In a case of error we exit process with passing system call result as exit code.

Reference material

Constants

Data section keeps all static constants that we might need during server lifetime.

section .data

We are going to use IPv4 and TCP as our transport.

pf_inet:     equ 2
sock_stream: equ 1

Our server binds to 0.0.0.0:8080 interface. 0.0.0.0 is special ip address that will map to all interfaces on user machine.

sockaddr:    db 0x02, 0x00             ;; AFINET
db 0x1f, 0x90             ;; PORT 8080
db 0x00, 0x00, 0x00, 0x00 ;; IP 0.0.0.0
addr_len:    equ 128

Requests timeout in 15 second.

request_timeout:   equ 15

Backlog is number of incoming request that kernel will buffer for us, untill we accept(2) them.

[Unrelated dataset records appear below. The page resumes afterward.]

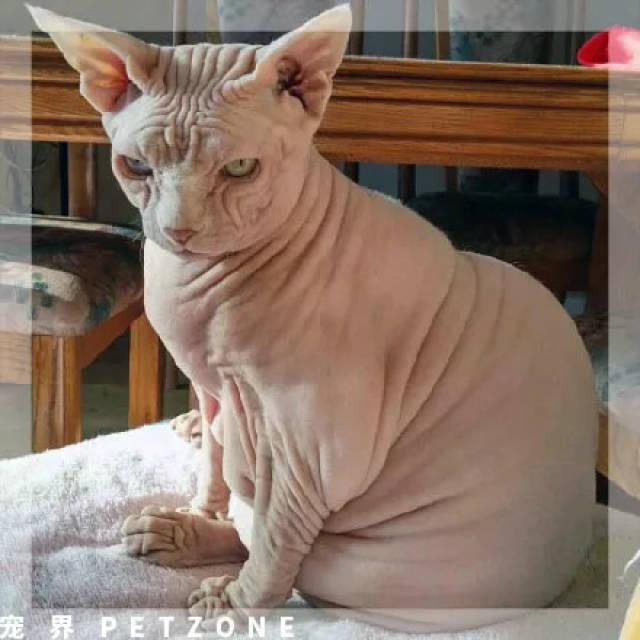曾经我也觉得胖猫很可爱,直到看到了发胖的无毛猫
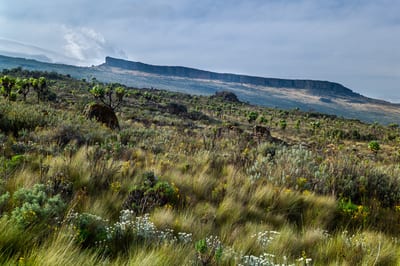 Mount Elgon, photograph 7 of 27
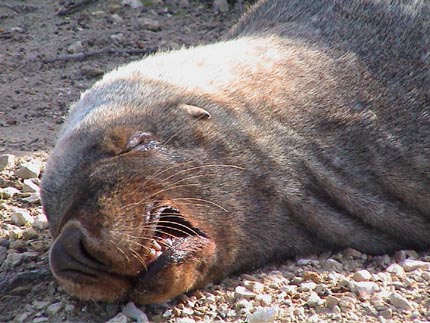 Australie kangaroo island  Seal point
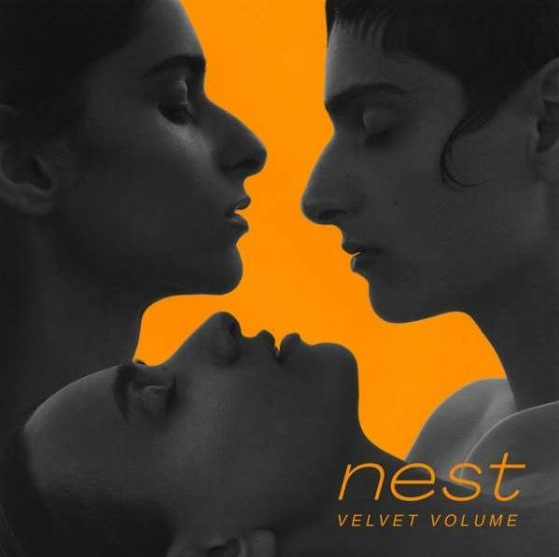Velvet Volume - Nest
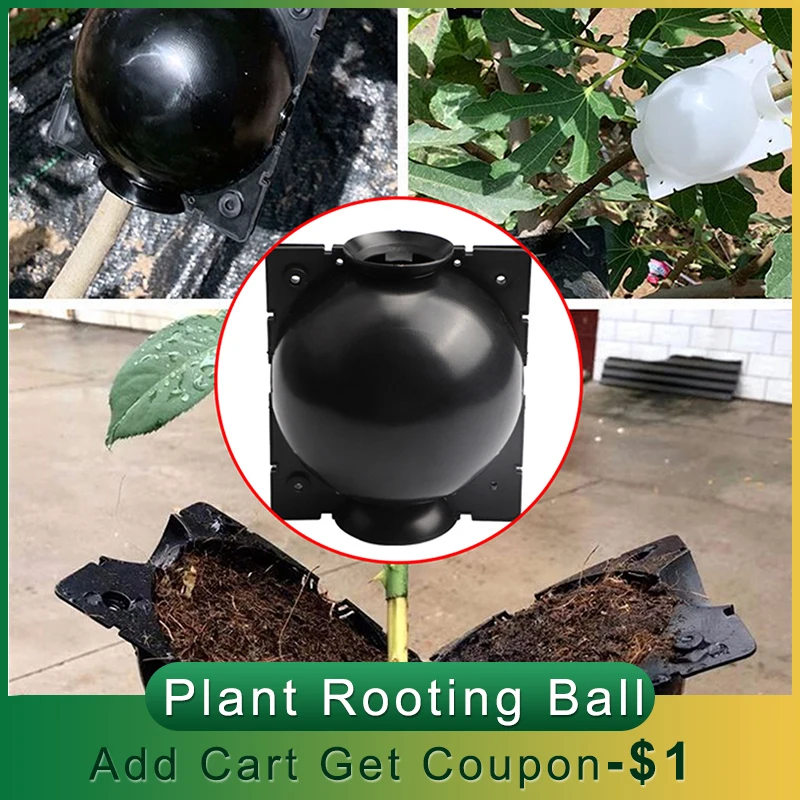 5pcs/10pcs Plant Rooting Ball Garden Plant Root Growing Box Grafting Rooting Growing Box Breeding Case
5pcs/10pcs Plant Rooting Ball Garden Plant Root Growing Box Grafting Rooting Growing Box Breeding Case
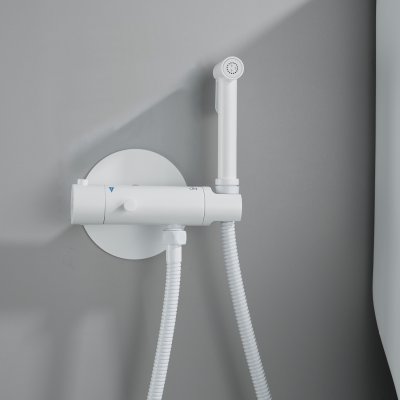 Смеситель с гигиеническим душем Rose R915C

We set it to 128.

backlog:     equ 128

And we are going to use TCP_CORK option (more on it later)

sol_tcp:     equ 6
tcp_cork:    equ 3
on_state:    db  0x01

We store strings as pair of their content and their length following right after message. $ points to current memory address, so current address - start of the string is its length.

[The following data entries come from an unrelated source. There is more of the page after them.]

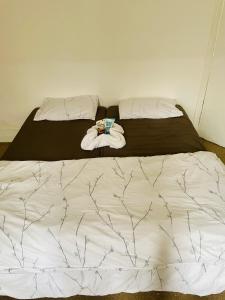 Spacious Room near central london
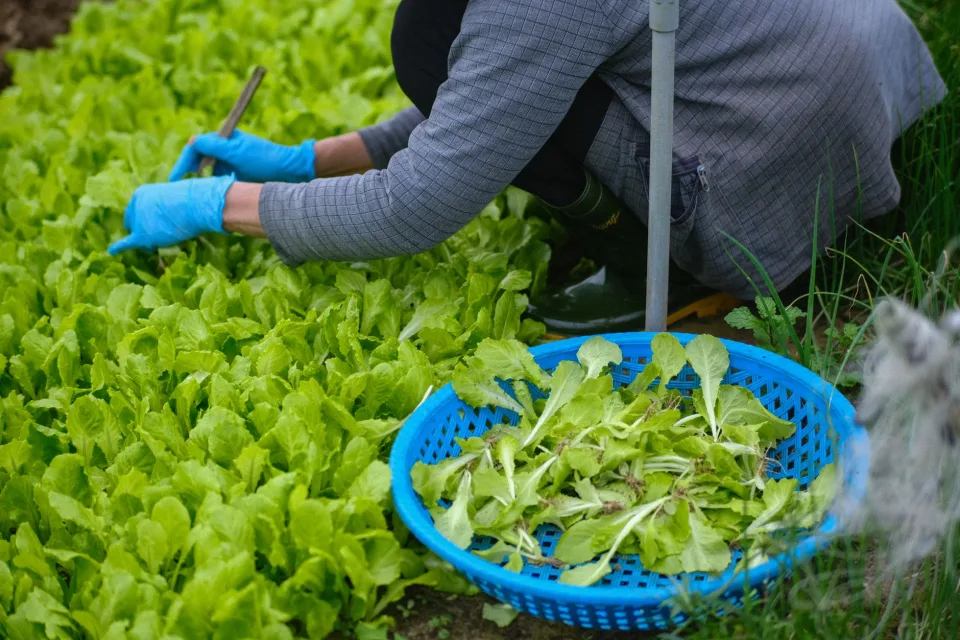 Kho bảo quản lạnh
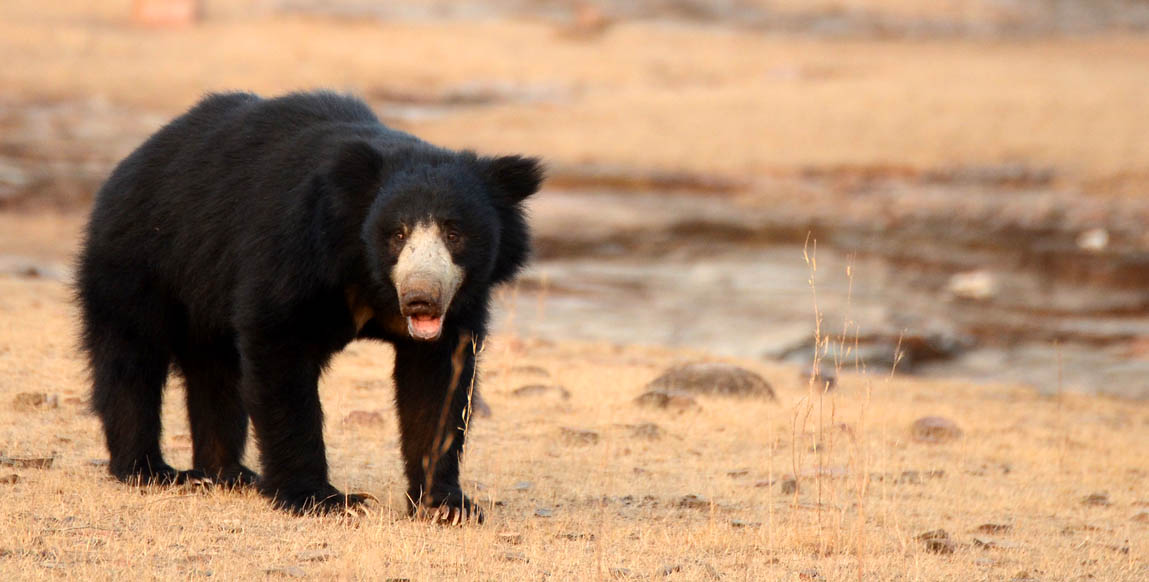 Ours paresseux, Ranthambore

startup_error_msg:     db "ERROR: Cannot start server", 10
startup_error_msg_len: equ $ - startup_error_msg

for incoming request we restrict path to be alphanumeric plus ./

url_whitelist:     db "abcdefghijklmnopqrstuvwxyz"
db "ABCDEFGHIJKLMNOPQRSTUVWXYZ0123456789./"
url_whitelist_len: equ $ - url_whitelist

Lookup tables.

Syscall table for x86-64. For reference look here.

sys_write:        equ 1
sys_open:         equ 2
sys_close:        equ 3
sys_fstat:        equ 5
sys_alarm:        equ 37
sys_sendfile:     equ 40
sys_socket:       equ 41
sys_accept:       equ 43
sys_recv:         equ 45
sys_bind:         equ 49
sys_listen:       equ 50
sys_setsockopt:   equ 54
sys_fork:         equ 57
sys_exit:         equ 60
sys_waitid:       equ 247

We build response headers on stack. That means that we need to push strings from last one, for example to build header:

HTTP/1.0 200 OK\r\n
Server: servasm\r\n
Content-type: text/html; charset=UTF-8\r\n
Content-Length: 42\r\n

We will push \n\r24 :htgneL-tnetnoC\n\r8-FTU=tesrahc.... To make this easy we keep pointers to the end of string instead of beggining and use 0x00 byte to mark begining of the string.

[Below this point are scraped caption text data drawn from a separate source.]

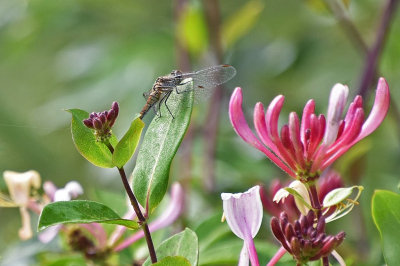 <i class='fa fa-user'></i>&nbsp;kooyammers&nbsp;|  Bloedrode Heidelibel&nbsp; <i class='fa fa-eye'>&nbsp;46</i> &nbsp;<i class='fa fa-thumbs-up'>&nbsp;1</i> &nbsp; <i class='fa fa-comment-o'>&nbsp;1</i>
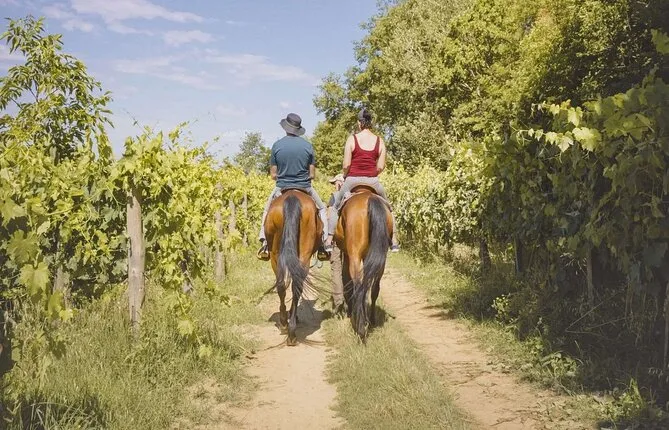 Horseback riding or carriage riding on the hills of the Valdichiana Senese in Tuscany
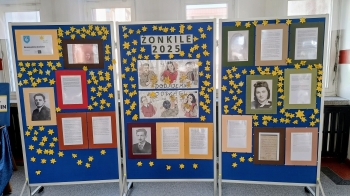 żonkile 25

We use stack to build headers. string, so all headers are pushed from last character to the first one. We use

\r\n string

db 0x00, 13, 10
crnl:

Response codes

200 OK

db 0x00, "HTTP/1.0 200 OK", 13, 10
result_ok:

403 Forbidden

db 0x00, "HTTP/1.0 403 Forbidden", 13, 10
result_forbidden:

404 Not Found

db 0x00, "HTTP/1.0 404 File not found", 13, 10
result_not_found:

500 Internal Server Error

db 0x00, "HTTP/1.0 500 OOPSIE", 13, 10
result_server_error:

500 Not Implemented

db 0x00, "HTTP/1.0 501 Not Implemented", 13, 10
result_unsupported_method:

Mime Types

We use small amout of predefined mime-types backed in source code. And support only utf-8 encoding

db 0x00, "text/plain; charset=UTF-8", 13, 10
txt:
db 0x00, "text/html; charset=UTF-8", 13, 10
html:
db 0x00, "text/css; charset=UTF-8", 13, 10
css:
db 0x00, "css/js; charset=UTF-8", 13, 10
js:
db 0x00, "image/png", 13, 10
png:
db 0x00, "image/jpeg", 13, 10
jpg:
db 0x00, "application/octet-stream", 13, 10
other:

Mime type hash table Each entry has two quad words. first quad word is product of extension ascii codes. For example:

104(h) *  116 (t) *  109 (m) * 108 (l) = 142017408 = 0x8770380

This means that some unknown files can be served with wrong mime-type in case of hash collision. And this is okay. Repeat after me: this is okay.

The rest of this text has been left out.